Ganas doesn’t translate well to English.  It means desire, interest, or sometimes motivation.  Sometimes it’s singular, and sometimes it’s plural.  The simplest way to understand its meaning is to consider a number of idiomatic phrases.

tener ganas (de hacer algo)            to feel like doing something

Tengo ganas de cantar.  I feel like singing.  No tengo ganas de salir.  I don’t feel like going out.  Do you want to have dinner at my house?  No, es que no tengo ganas.  (No, I don’t feel like it.)  No tengo ganas de hacer nada.  I don’t feel like doing anything at all.  And so on and so forth.

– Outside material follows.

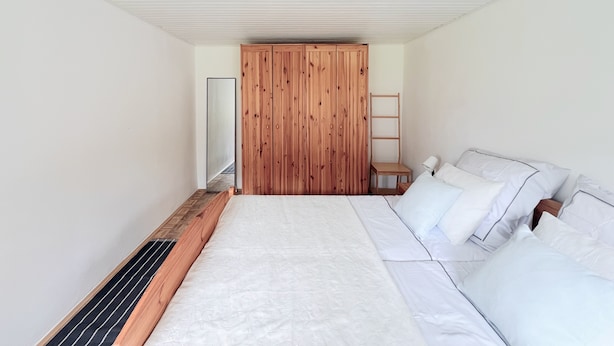 A bedroom with a large bed, wooden wardrobe, and a small bedside table. - Maria's Orchard Cottage - Nature vacation in Slovenia (Rogaška Slatina)
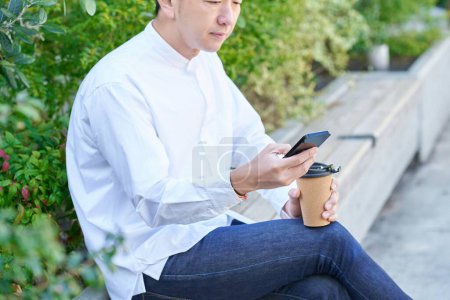 Un homme maniant un smartphone tout en buvant du café à l'extérieur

dar(le) ganas (a alguien)            to make someone feel like something

Watching you eat me da ganas de un taco (makes me feel like a taco).  Sitting in class for eight hours a day me da ganas de gritar (makes me want to scream).  After all, ganas is something you have, so something can give them to you.

se me da la gana                I feel like it

I will go to the party si se me da la gana.  I will clean my room eventually, cuando se me dé la gana (when I get around to feeling like it).

de (buena / mala) gana            willingly / unwillingly

If you mop the kitchen floor and take out the trash, but only de mala gana, you’re doing it unwillingly.  If you do it de buena gana, you’ve got a smile on your face and might even be talking about how cleanliness is next to Godliness.

mantener las ganas                stay motivated
perder las ganas                lose interest
echar ganas                    put your heart into something

If you are working on a long project, it can be hard to mantener las ganas.  If you’ve worked hard all week, by the end of the weekend it’s possible that has perdido las ganas.  But échale ganas, put your heart into it.

quedarse con las ganas            to be unsatisfied

All week long, tenía ganas de un helado de chocolate (I wanted a chocolate ice cream).  But the store closed just as I got there, and me quedé con las ganas (I was unsatisfied because I couldn’t fulfill that need).  Every time I’ve tried to call my best friend, she hasn’t been home, and so me quedé con las ganas.  You know that feeling where you just haven’t quite satisfied a craving – usually because something got in your way – and you are exceedingly frustrated?  That is what it means to quedarse con las ganas.